Von dem pädagogischen Sinn der Sendungen mal abgesehen, finde ich es jedoch äußerst kritisch seine Klienten so in die Öffentlichkeit zu zerren. Ich würde keinem meiner Jugendlichen dazu raten an einer solchen Sendung teilzunehmen. Irgendwann ist es aber soweit, dass man ihnen das nicht mehr ausreden kann und wie ich dann reagieren würde, ich weiß es noch nicht. Mir ist es aber wichtig meine Klienten zu beschützen, und wenn es notfalls vor der eigenen Dummheit ist.

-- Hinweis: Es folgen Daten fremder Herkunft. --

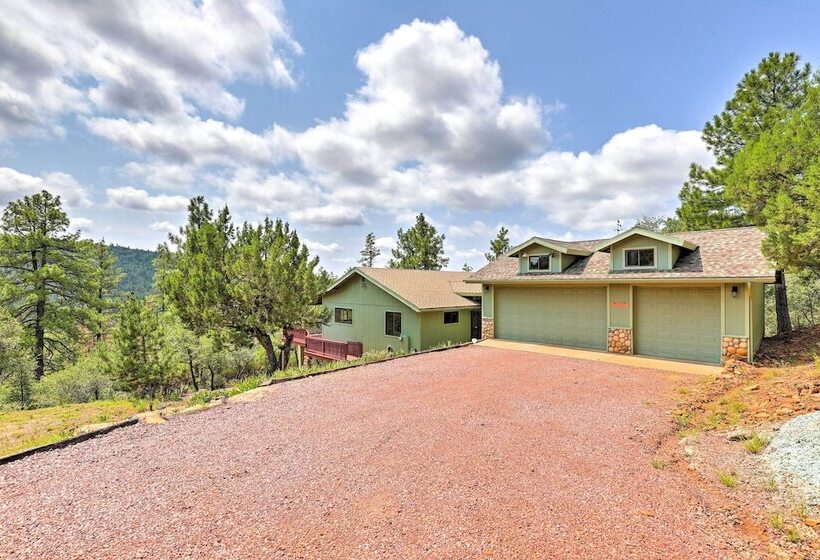 Strawberry Hideaway In The Pines W/ Hot Tub!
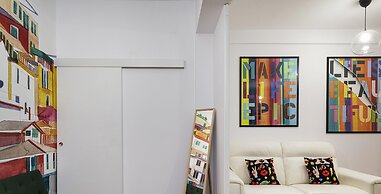 Art and Comfort Near Lomellini Street by Wonderful Italy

Mal zu dem anderen Thema. „Blogger“, wenn dann noch das Wort „Demokratiefeindlichkeit“ damit in Verbindung gebracht wird, bekomme ich direkt Falten im Gesicht. Er spricht davon, dass irgendwelche „Blogger“ nicht nur ihn, sondern auch seine Familie angegangen sind. Was dann falsch daran ist, sich davor zu schützen, weiß ich nun wirklich nicht. Selbst der größte Vollarsch hat in seinem Leben immer noch Rechte, von denen er auch Gebrauch machen darf. „Blogger“, die tatsächlich vielleicht nur kritisch über seine Sendung berichtet haben, sind dann höchstwahrscheinlich eher zufällig ins Visier geraten. Bedankt euch nicht beim Herrn Sonnenburg, sondern bei euren Kollegen, die mal wieder übers Ziel hinausgeschossen sind. „Blogger“ schreiben halt, was sie gerade denken, nur wäre es schön, wenn sie das Schreiben, wenn sie gerade mal nicht denken, dann unterlassen könnten.